12 Storage Optimization Part1 Common Data Storage Methods

12 Storage Optimization Part1 Common Data Storage Methods #

Through the foundational knowledge of I/O optimization that I have discussed in the previous columns, I believe you now have an understanding of file systems and disk mechanisms, as well as the advantages and disadvantages of different I/O methods. You should also be able to monitor I/O operations in production.

Rome wasn’t built in a day. While understanding and mastering these foundational knowledge, you must also want to know how to apply this knowledge to write better code.

Today, I will combine some features of the Android system to discuss the advantages and disadvantages of common storage methods in the development process. I hope this can help you make better choices in your daily work.

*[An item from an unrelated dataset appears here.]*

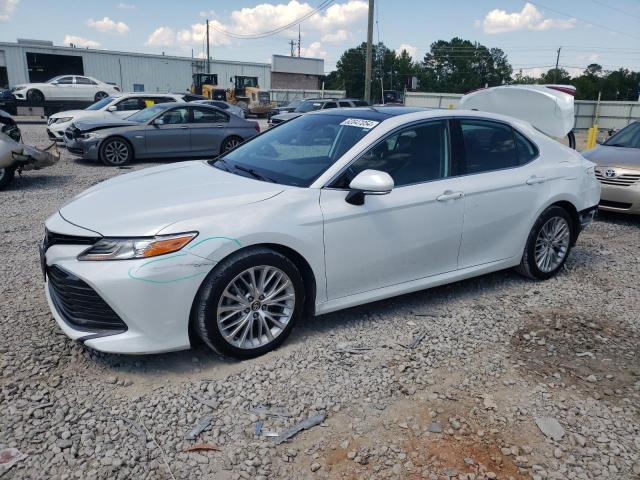 TOYOTA CAMRY XSE 2019 4t1bz1hk5ku508708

Basics of Storage in Android #

Before discussing specific storage methods, we should have some basic knowledge about storage-related concepts in the Android system.

1. Android Partitions

Most of the knowledge discussed in I/O optimization is focused on the Linux system. For Android, we should first understand the architecture and purpose of Android partitions. In the familiar Windows world, we usually install the system on the C drive, and then have several partitions for storing applications and data.

The various partitions in Android can be viewed through the /proc/partitions file or the df command. The following image shows the result of running the df command on a Nexus 6 device.

What is a partition? Simply put, a partition is a way to divide the storage of a device into non-overlapping sections, each of which can be formatted separately for different purposes. This allows the system to perform different operations on individual partitions. For example, during system recovery, we don’t want to affect user data stored in the /data partition even if there is a sudden power failure.

From the table above, you can see that each partition is independent and can use different file systems. The most important partitions are:

/system partition: This is where all the Google-provided Android components are stored. This partition can only be mounted in read-only mode. This is mainly for stability and security reasons, so that even in the event of a sudden power failure, the content of the /system partition remains intact and cannot be tampered with.
/data partition: This is where all user data is stored. It is mainly used for data isolation, which means that during system upgrades and recovery, the entire /system partition is erased but the user data in the /data partition remains unaffected. Performing a factory reset will only erase the data in the /data partition.
/vendor partition: This is where manufacturers store their specific system modifications. Especially after the introduction of the “Treble” project in Android 8.0, manufacturers can update only their /vendor partition during OTA updates, allowing them to update devices to the latest Android version more easily, quickly, and at a lower cost.

2. Storage Security in Android

In addition to data partitioning, storage security is also an important part of the Android system. Storage security primarily focuses on permission control.

First, permission control:

Each application in Android runs within its own application sandbox. Before Android 4.3, these sandboxes used standard Linux protection mechanisms, which defined them by creating unique Linux UIDs for each application. In simple terms, we need to ensure that WeChat cannot access Taobao’s data, and it cannot access certain protected system files without permission.

Starting from Android 4.3, the SELinux (Security Enhanced Linux) mechanism was introduced to further define the boundaries of Android application sandboxes. What’s special about SELinux? Its purpose is to prevent users with root permissions from doing whatever they want. To do anything in the SELinux system, you must first be granted permission in the dedicated security policy configuration file.

Second, data encryption:

In addition to permission control, users are also concerned about the privacy of their data in case of loss or theft. Encryption may be a good choice as it can protect data on lost or stolen devices.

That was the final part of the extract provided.